O’CONNOR: SIPTU is to distribute a new booklet, The Lisbon Treaty: What Next?, to its 270,000 members

O’CONNOR: SIPTU is to distribute a new booklet, The Lisbon Treaty: What Next?, to its 270,000 members


BY CAOILFHIONN
Ní DHONNABHÁIN

THE failure to address workers’ concerns was a key reason why voters rejected the Lisbon Treaty, according to Jack O’Connor, General President of SIPTU, Ireland’s biggest trade union.
O’Connor was speaking this week at the launch of a booklet entitled The Lisbon Treaty: What Next?, which is to be circulated amongst SIPTU’s 270,000 members.
Prior to the 12 June vote in the Lisbon referendum, SIPTU’s Executive Council said it could not support the Lisbon Treaty unless the Government committed to introducing legislation to protect the right to collective bargaining. The Government refused to make such a commitment.
According to Jack O’Connor:
“The right to collective bargaining is enshrined in Article 28 of the Charter of Fundamental Rights and applies in virtually every other EU member state in one form or another. The Government’s refusal to make a commitment that this Article 28 would be implemented sent out a strong signal that it would give priority to the big business agenda after a ‘Yes’ vote on Lisbon, just as it did after the ‘Yes’ vote on Nice.
“Workers’ concerns about deteriorating security and quality of employment were manifestly evident in the Lisbon vote.”
O’Connor pointed to the impact of the recent European Court of Justice (ECJ) rulings in the Laval and Viking cases.
The SIPTU leader was keen to dismiss claims of the extent to which business concerns such as the issue of corporation tax affected the decision of ordinary voters in the referendum.
Flanked by a Polish and a Lithuanian organiser, O’Connor also rejected suggestions that anti-immigrant sentiments were influential in the vote.
SIPTU is now demanding action on a set of issues that it believes were crucial in the decision of voters to reject the Lisbon Treaty.
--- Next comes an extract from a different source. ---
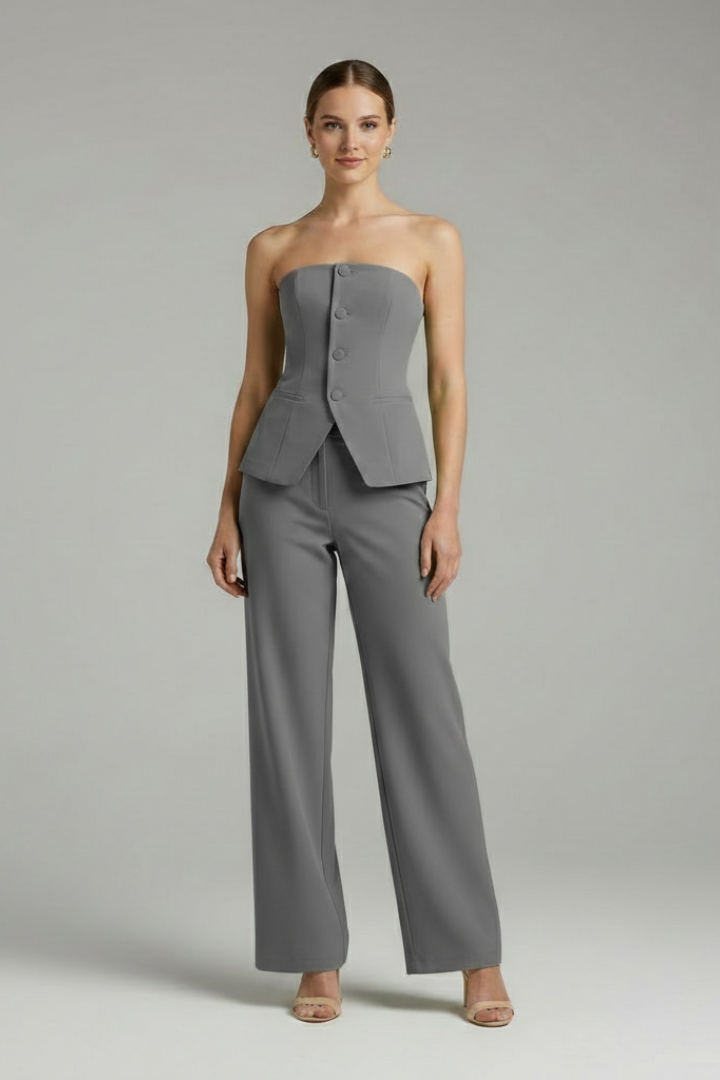 Women’s Two-Piece Set with Strapless Top and Wide-Leg Trousers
Primarily it is looking for legislative protection for the right to collective bargaining and for workers to be protected from discrimination for involvement in trade union activities.
SIPTU is demanding the immediate introduction of the long-overdue Employment Law Compliance Bill, for the issue of agency workers to be dealt with, and for the observance of workers’ rights to be central to public procurement rules.
Importantly, SIPTU is calling for the introduction of a ‘Social Progress Clause’ at EU level to deal with the fall-out from the recent European Court of Justice judgments. Such a clause has been proposed by the European Trade Union Confederation and was included in Sinn Féin’s submission to the Irish Government regarding issues that need to be dealt with in renegotiating the Lisbon Treaty.